Colwood Mayor Rob Martin announces an Indigenous affordable housing project coming to Wale Road. (Photo courtesy of the City of Colwood)

Stalled Wale Road site to be filled with affordable housing in Colwood

Province to grant $24 million for a 124-unit building for Indigenous housing initiative

The hole on Wale Road in Colwood will be filled with housing.

The B.C. government’s housing program will fund $24.8 million for the “long-stalled” 124-unit affordable rental development at 342 Wale Rd. to accommodate Indigenous peoples and families, according to a joint media announcement made with the City of Colwood Monday.

The Aboriginal Land Trust Society will work with Yellowridge Construction to develop the rental buildings. Huu-ay-aht First Nations will assist with tenant selection and ongoing management.

“This project is desperately needed to address the affordable housing challenges facing Indigenous families in the area.
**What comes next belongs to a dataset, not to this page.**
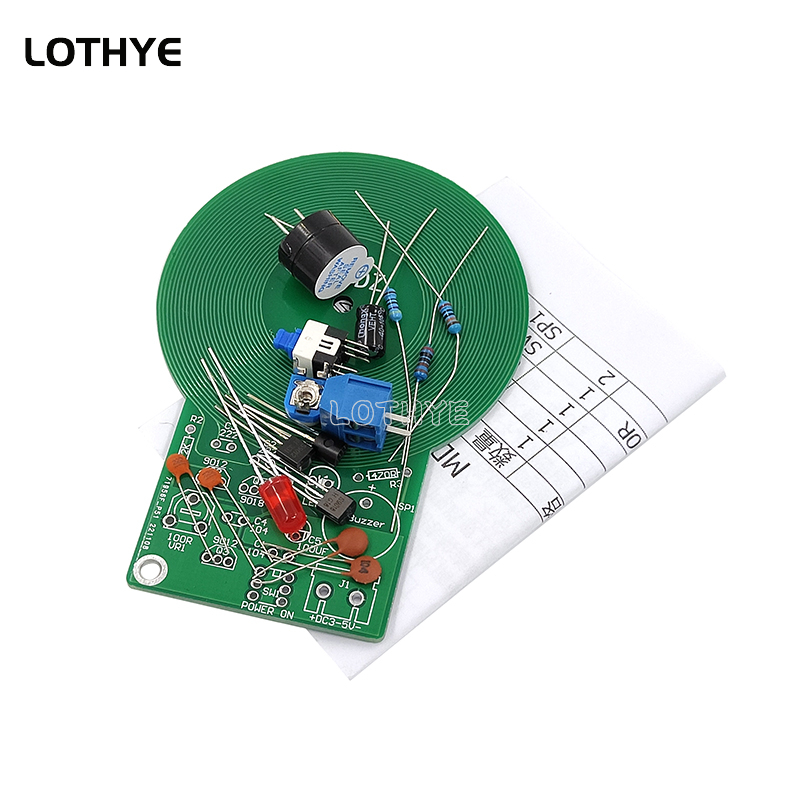 Diy Electronics Soldering Kit - DC 3V-5V Kit Detektor Logam DIY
This is an opportunity for all of us to work together to make things better for the less fortunate in B.C.,” said Chief Robert Dennis of Huu-ay-aht First Nations, in a statement.

Construction is set to begin this summer.
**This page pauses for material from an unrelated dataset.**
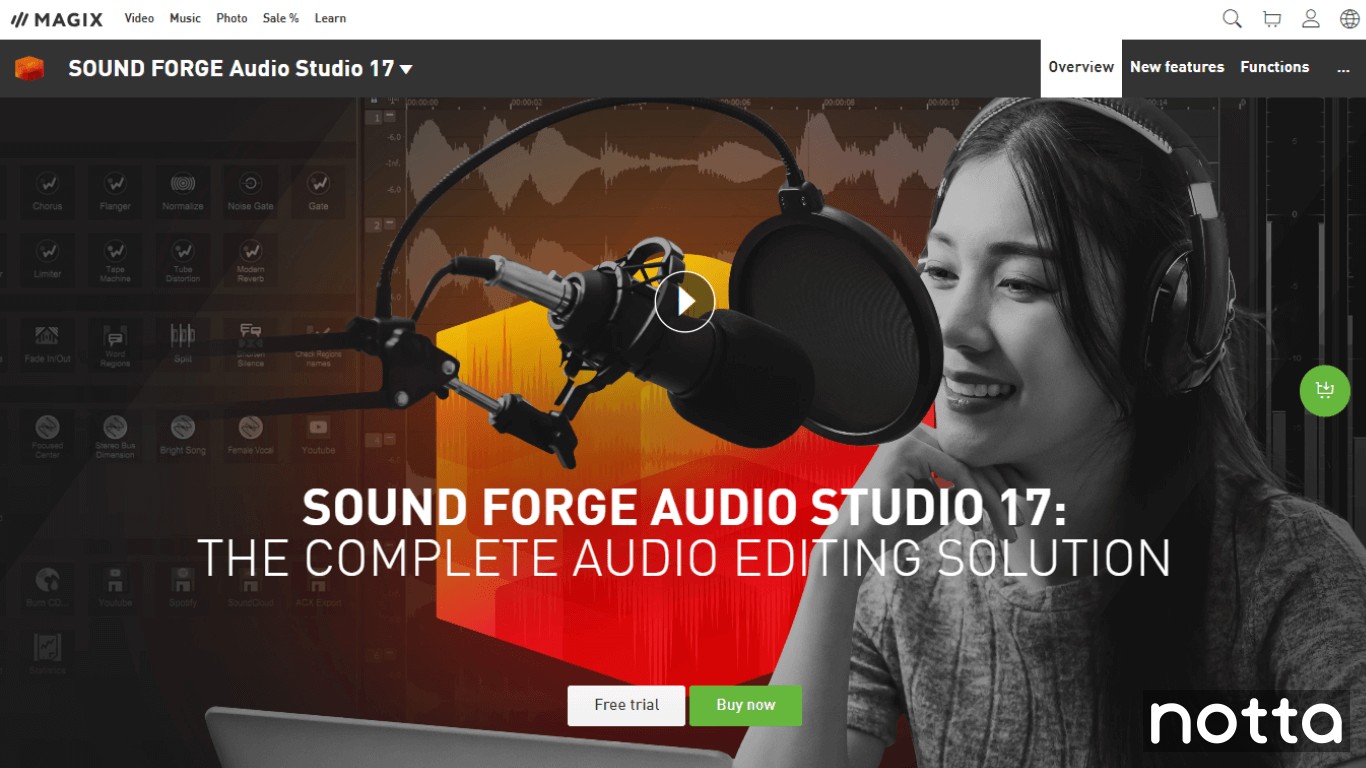 SOUND FORGE Audio Studio 17 for podcasters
“The City of Colwood is grateful for this investment in our community and is pleased to partner with the province and Aboriginal Land Trust Society on this new housing,” added Colwood Mayor Rob Martin.

“We know from our intensive work to address long-standing housing issues in B.C. that the struggle to find a good home can be even greater for Indigenous peoples who are overwhelmingly over-represented among people in B.C. experiencing homelessness,” said Mitzi Dean, MLA for Esquimalt-Metchosin, in a statement.
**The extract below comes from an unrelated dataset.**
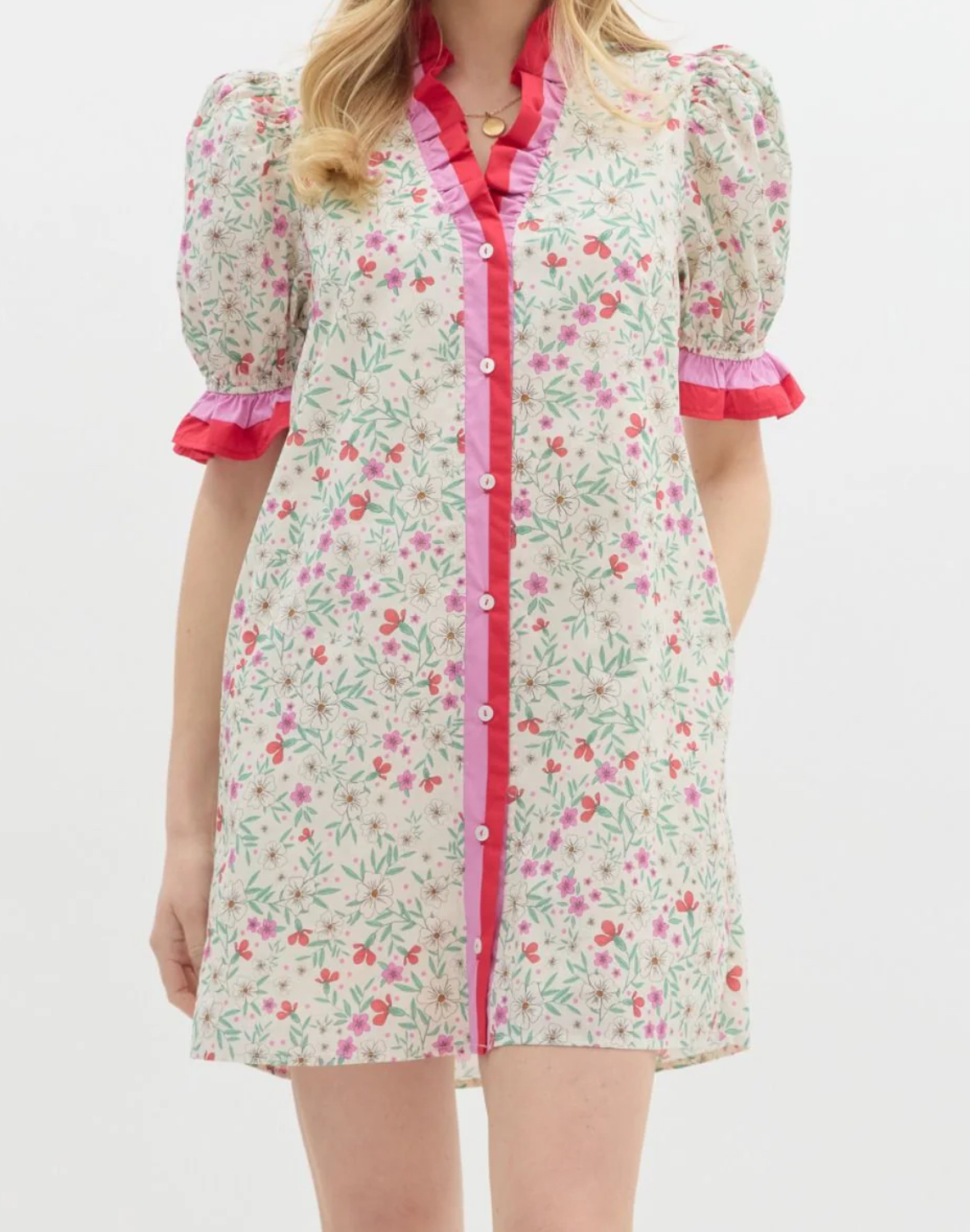 DITSY FLORAL MINI DRESS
The project is part of the Building BC: Indigenous Housing Fund, a $550-million investment to build 1,750 affordable housing units in 10 years for Indigenous peoples in 26 communities in the province.

The Capital Regional District is set to receive $140 million in funding from the Building BC housing fund. This investment will go toward a Community Housing Fund of $100 million for more than 900 homes, an Indigenous Housing Fund of $33 million for more than 160 homes, and a Women’s Transition Housing Fund of $7 million for 20 homes.